View unanswered posts | View active topics It is currently Thu Apr 18, 2024 7:51 pm



Reply to topic  [ 775 posts ]  Go to page Previous  1, 2, 3, 4, 5 ... 52  Next
 Thor Core / FT64 
Author Message
User avatar

Joined: Tue Jan 15, 2013 5:43 am
Posts: 189
robfinch wrote:
The list includes population and zero/one counting, divide, BCD math, bit-field operations and few others.
And variable-length instructions. Yet, you describe Thor as RISC-like?? I'm getting tempted to tease you about that, Rob! :D Awesome project, though.

_________________
http://LaughtonElectronics.com


Fri Dec 04, 2015 2:54 pm
Profile WWW

Joined: Sat Feb 02, 2013 9:40 am
Posts: 2095
Location: Canada
Quote:
And variable-length instructions. Yet, you describe Thor as RISC-like?? I'm getting tempted to tease you about that, Rob! :D Awesome project, though.

Like most modern cpu's Thor is somewhere in-between a CISC and RISC. The core supports several string operations definitely classified as CISC operations. And with 190+ pages of instructions one would hardly call it a RISC machine. But there are no really complex instructions like double memory indirect operations, or auto-increment / auto decrement memory ops. And memory is accessed almost exclusively with load / store ops.

Last night's debugging session was a nightmare. I could not find an explanation for why a particular bit was clear all the time. After much head-scratching I called it a night.
This morning when I tried the same thing without making any changes, it worked. I'm coming to the conclusion that there's a bad memory bit in my host machine.

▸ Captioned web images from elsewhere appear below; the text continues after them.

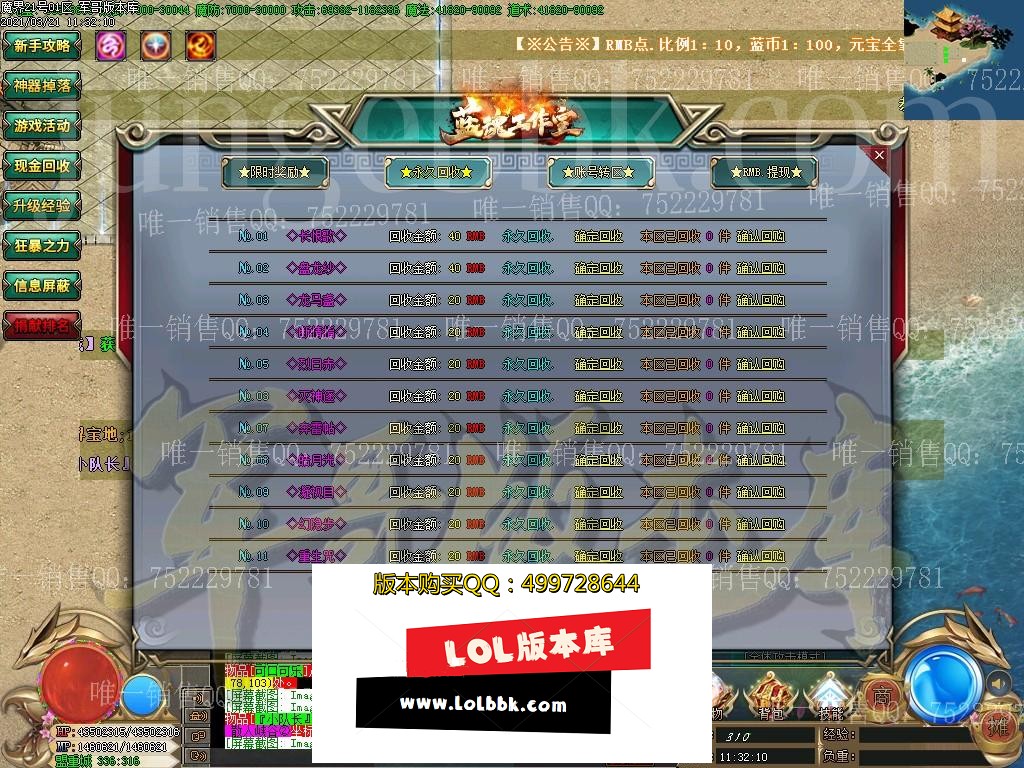 1616300780904784.jpg
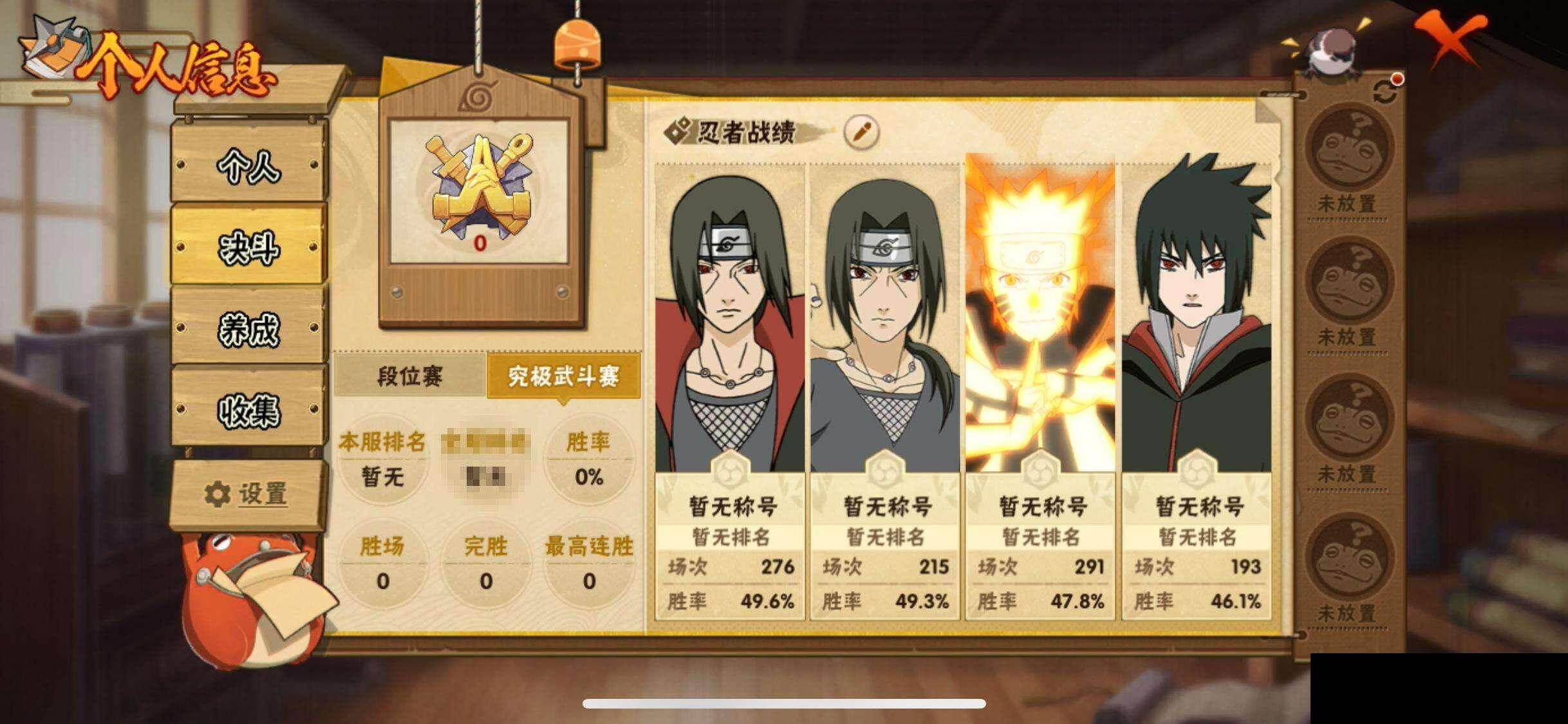 HYEY42050火影忍者账号详情图5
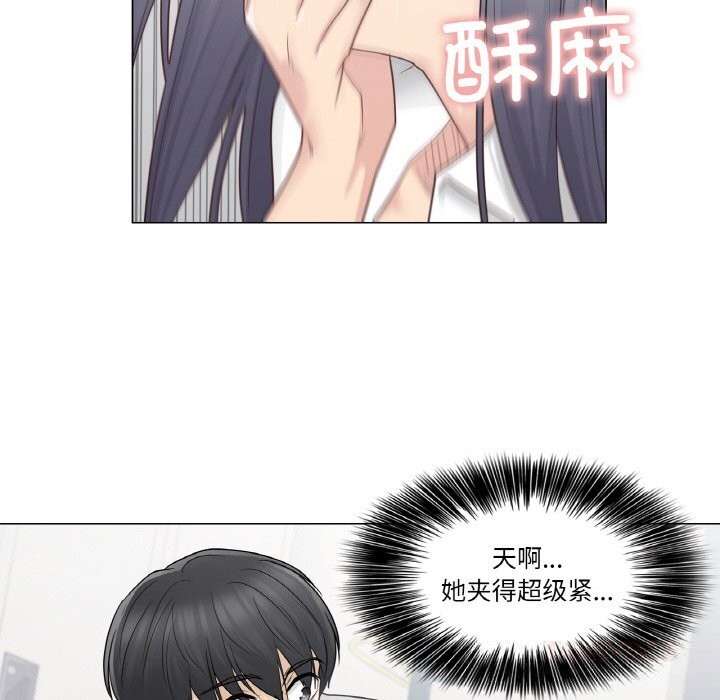 輕觸!解除封印第23話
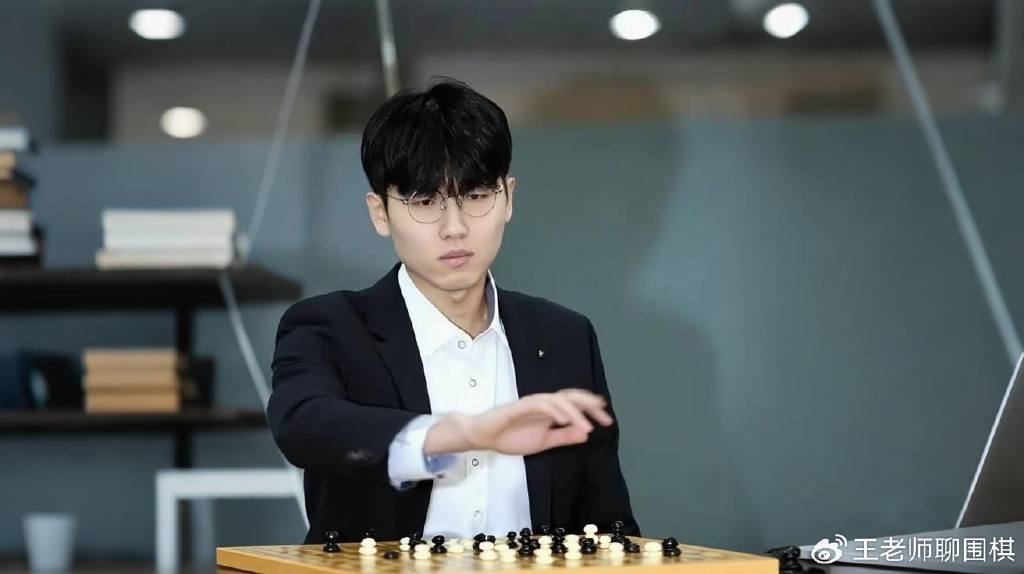 论棋坛双杰申真谞与柯洁的实力差距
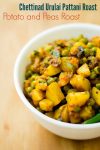 Chettinad Style Urulai Pattani Roast - Potato Peas Curry #sidedish #recipe #potato #peas #chettinad #curry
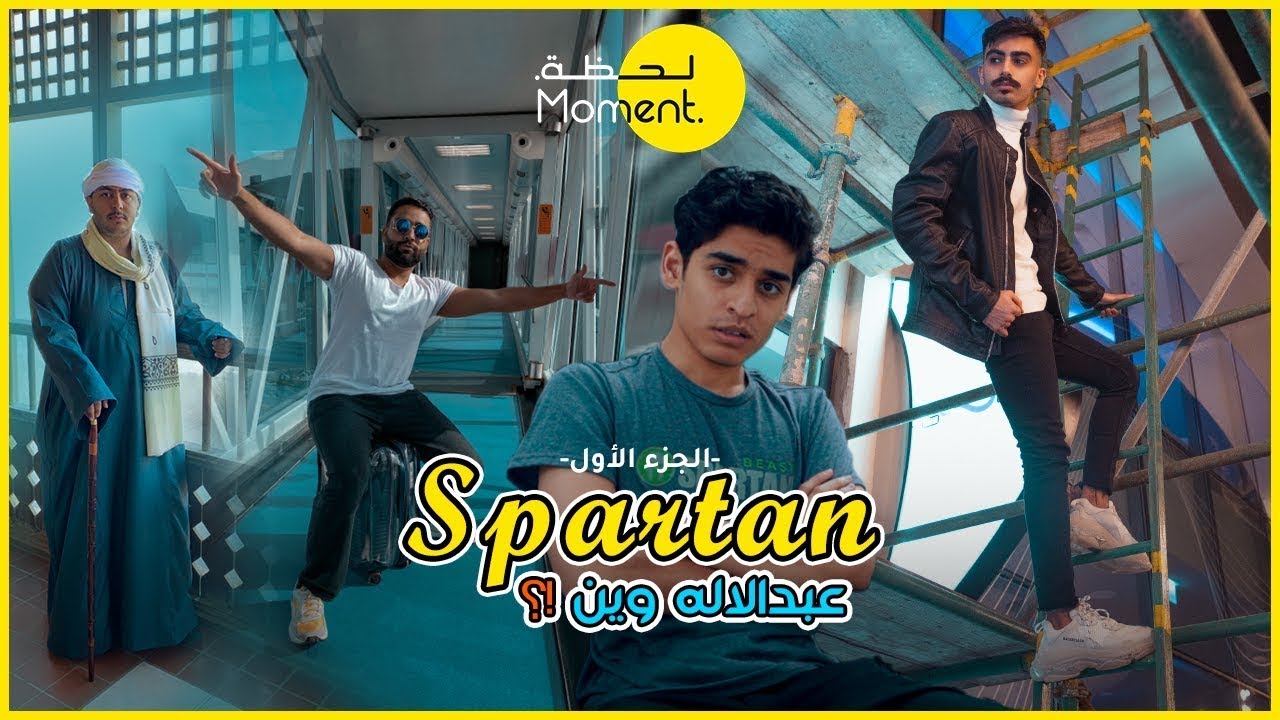 Spartan race vlog 21KM in Bahrain   الجزء الاول   رحلة جماعية للبحرين لسباق 21 كيلو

The register file has been switched back to the old paradigm of providing only four register read ports even though the two instructions to be queued might need six.
This reduces the size of the core significantly (2,000-4,000 LUTs) at the cost of not being able to enque two instruction at once on rare occasions. Most instructions only use a single read port so it was wasteful to support six read ports for only two instructions. I had re-coded the register file temporarily to get rid of some of the complexity for debugging purposes. The complexity of managing fewer read ports than the maximum required is worth it especially when there are even more instructions to enqueue.
I'm considering supporting only five read ports for the enqueue of three instructions, when I get around to it.

And, the instruction queue / re-order buffer really needs to be longer. The head and tail pointers collide all the time causing the machine to stall. This happens when the core
is waiting for a memory op which take several cycles.

_________________
Robert Finch http://www.finitron.ca


Sun Dec 06, 2015 5:55 pm
Profile WWW

Joined: Sat Feb 02, 2013 9:40 am
Posts: 2095
Location: Canada
I can't seem to get the FPGA system to work past clearing the screen. It clears the screen then hangs. A start-up message is expected. The last address displayed on the LED's is 0x00001C. Which looks suspiciously like an instruction cache access to address 0. The result of a bad code pointer.
So I coded a jump instruction to a LED display routine to be placed at address zero. But no luck, it doesn't seem to execute. In simulation the core runs until it gets into the keyboard processing code. The LED output seems to work so I should be able to find out what line of code is causing the core to croak, by using indicator LEDs. But it'll take a while.
I have coded for a three-way superscalar now but it's too large to fit in the FPGA yet, I'll have to be satisfied with two-ways and 32 bits for now.

_________________
Robert Finch http://www.finitron.ca


Tue Dec 08, 2015 7:53 am
Profile WWW
User avatar

Joined: Tue Jan 15, 2013 5:43 am
Posts: 189
robfinch wrote:
I'm coming to the conclusion that there's a bad memory bit in my host machine.

robfinch wrote:
I can't seem to get the FPGA system to work past clearing the screen.

Might these be related? Maybe it's far-fetched -- I'm having trouble getting my head around it. You're comparing the simulation with the actual hardware, and they don't agree...

_________________
http://LaughtonElectronics.com


Thu Dec 10, 2015 2:47 pm
Profile WWW

Joined: Sat Feb 02, 2013 9:40 am
Posts: 2095
Location: Canada
Quote:
Might these be related? Maybe it's far-fetched -- I'm having trouble getting my head around it. You're comparing the simulation with the actual hardware, and they don't agree...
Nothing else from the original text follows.